The hotel appears to have removed the offending verbiage from their website and said they have never enforced the fine, but bad PR is still haunting them – their Yelp reviews still total only one and a half stars out of five.
3The cable customer who was kept on hold for over three hours
Comcast customer and Illinois resident Aaron Spain claims he was kept on hold for three-and-a-half hours when he called the cable giant in August 2014 and attempted to cancel his service. In the end, the frustrated customer had to call again the next day after he realized his epic wait had been in vain, and the customer service department had closed for the evening.
Spain claims he has spent nearly a month to get his Comcast service set up correctly at his apartment to no avail. He said that he decided to keep holding for hours because he was tired of the company's "poor customer service."
Watch the video below as Spain shows how the company kept him on hold for over three hours.
4A restaurant brands a bridal party "cheap chav trash" on Twitter
A bride-to-be was stunned when an upscale restaurant responded with a vicious tirade after she and her group complained about the poor attitude from staff in a Facebook review.

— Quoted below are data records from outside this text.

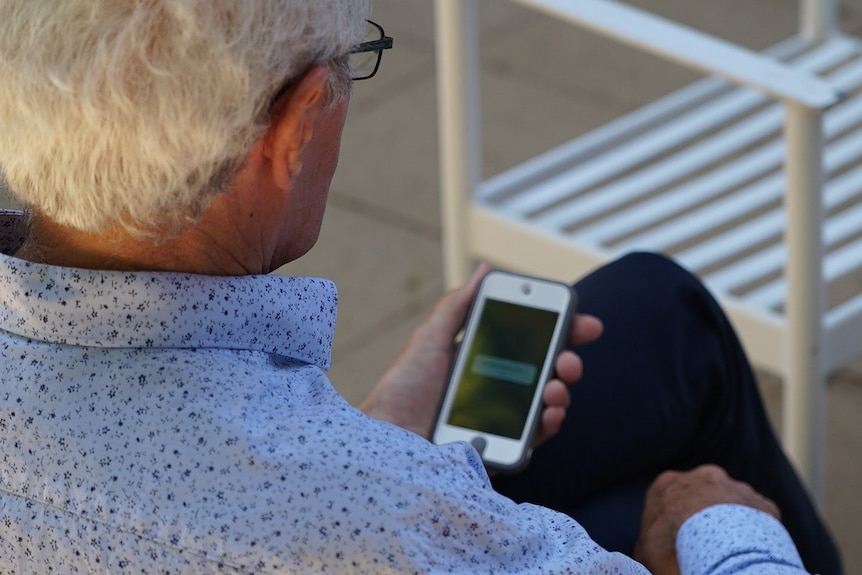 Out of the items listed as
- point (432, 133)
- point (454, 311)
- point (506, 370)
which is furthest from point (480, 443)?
point (432, 133)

Melissa Grogan-Morgan celebrated her upcoming nuptials at 47 King Street West in Manchester city with a group of 17 friends and family. Although they enjoyed the food, the party was left dissatisfied with the level of customer service they'd received from staff and took to Facebook to complain about the poor service.
The one-star review prompted a scathing response from an unnamed member of staff who called the group "ugly," "cheap chav trash," "the worst, most vile people to ever grace our restaurant," and added, "we pity the groom." Ouch!
A stunned Grogan-Morgan said: "I'm just in complete disbelief at how rude and arrogant they have been – it's left a bit of a shadow over the whole occasion."
Howard Hymanson, who is director of the establishment, said: "The entire incident is regrettable, and it has been both investigated and dealt with internally." 47 King Street West's social media pages have also since been taken down.
5The fast food employee who made a grandmother cry after writing profanities on her receipt
A grandmother was left in tears at a Burger King drive-thru in Virginia after she and her daughter-in-law purchased food and was given a receipt that labeled them "bitch ass hoes."
The woman, known only as Lorel, immediately demanded to speak to the manager, who apologized for the incident. Burger King also issued an apology and fired the employee, but despite this, Lorel is taking her business elsewhere.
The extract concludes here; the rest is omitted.